Step 3: Memory Storage

Based on the evolution decision, the agent:

  • Creates the new note with extracted metadata

  • Establishes typed links to related notes with context

  • Optionally updates neighbor notes with new context or tags

Trade-offs

Agentic memory introduces trade-offs compared to manual note management:

  • Latency: Each agent decision involves LLM calls. Classification may take 2-5 seconds per note.

  • Cost: Token consumption per write operation. Factor this into high-volume scenarios.

  • Variability: The agent may make different decisions based on context. Results are not always deterministic.

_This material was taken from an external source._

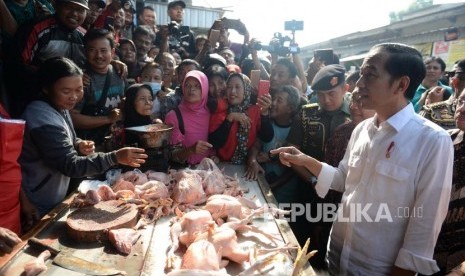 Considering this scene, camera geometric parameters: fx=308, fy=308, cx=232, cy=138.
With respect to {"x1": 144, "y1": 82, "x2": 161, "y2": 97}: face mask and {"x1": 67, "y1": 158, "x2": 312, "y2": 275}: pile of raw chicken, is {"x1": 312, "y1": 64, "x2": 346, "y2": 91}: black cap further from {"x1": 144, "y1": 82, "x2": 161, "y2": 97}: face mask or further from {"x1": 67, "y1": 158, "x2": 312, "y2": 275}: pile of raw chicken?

  • Evaluator Quality: Self-evaluation depends on LLM’s ability to judge relevance accurately.

Use agentic memory when:

  • You want automatic content classification

  • Your knowledge graph needs to evolve over time

  • Manual tagging doesn’t scale

Use the core module when:

  • You need deterministic, predictable behavior

  • Latency is critical

  • You want full control over classification

Four Ways to Use Archiledger
usage diagram
Quick Decision Guide
Requirement Recommended Approach

Pure Java, no LLM

Core Module (Maven)

LLM with full manual control

MCP Server

AI classification in Java app

Agentic Memory (Embabel)

LLM with automatic memory management

Agentic Memory MCP

Full control over tags/links

Core Module or MCP Server

Automatic knowledge evolution

Agentic Memory (either)

Minimal latency, deterministic behavior

Core Module or MCP Server

1.2. Architecture

This server implements no authentication and uses an embedded graph database designed for local development only. Not recommended for production.
Domain Layer

The domain layer contains the core business entities:

  • MemoryNote: Represents a single atomic note with content, tags, keywords, and timestamps

  • MemoryNoteId: Unique identifier for notes

  • NoteLink: Typed relationship between notes

  • LinkDefinition: Defines a link with context explaining the relationship

Application Layer

The application layer orchestrates domain logic:

  • MemoryNoteService: Main service interface for note operations

  • Handles retrieval count tracking and embedding generation

  • Coordinates between domain and infrastructure layers

Infrastructure Layer

The infrastructure layer provides technical implementations:

  • Persistence: LadybugMemoryNoteRepository - stores notes as nodes, links as relationships

  • Vector Search: LadybugEmbeddingsService - uses LadybugDB’s native vector extension with HNSW indexing

  • MCP: McpToolAdapter - exposes memory operations as MCP tools

Agentic Memory

The agentic-memory module provides AI-driven memory evolution:

  • AgenticMemoryAgent: Analyzes notes and suggests new links based on semantic relationships

  • Context-Aware Links: Automatically evaluates whether to add, update, or remove links

  • MemoryNoteSearchOperations: Implements RAG interfaces for vector search and result expansion

1.3. Core Concepts

Zettelkasten Method

Archiledger implements the Zettelkasten method for knowledge management:

  • Atomic Notes: Each note contains a single idea or piece of information

  • Links: Notes are connected through typed relationships

  • Tags: Notes can be categorized with multiple tags

  • Keywords: Searchable terms for quick lookup

Memory Notes

A MemoryNote is the fundamental unit of storage:

Property Description

id

Unique identifier (MemoryNoteId)

content

The main text content of the note

tags

Set of tags for categorization

keywords

Set of keywords for search

createdAt

ISO-8601 timestamp when created

updatedAt

ISO-8601 timestamp when last modified

retrievalCount

Number of times the note has been retrieved

Links connect notes with typed relationships:

Link Type Use Case

RELATES_TO

General relationship between notes

DEPENDS_ON

One note depends on another

AFFECTS

One thing impacts another

PART_OF

Component/container relationship

SUPERSEDES

Replaces previous decision/approach

CONTRADICTS

Conflicts with another note

LINKED_TO

Default relationship type

Each link includes a context field explaining why the relationship exists.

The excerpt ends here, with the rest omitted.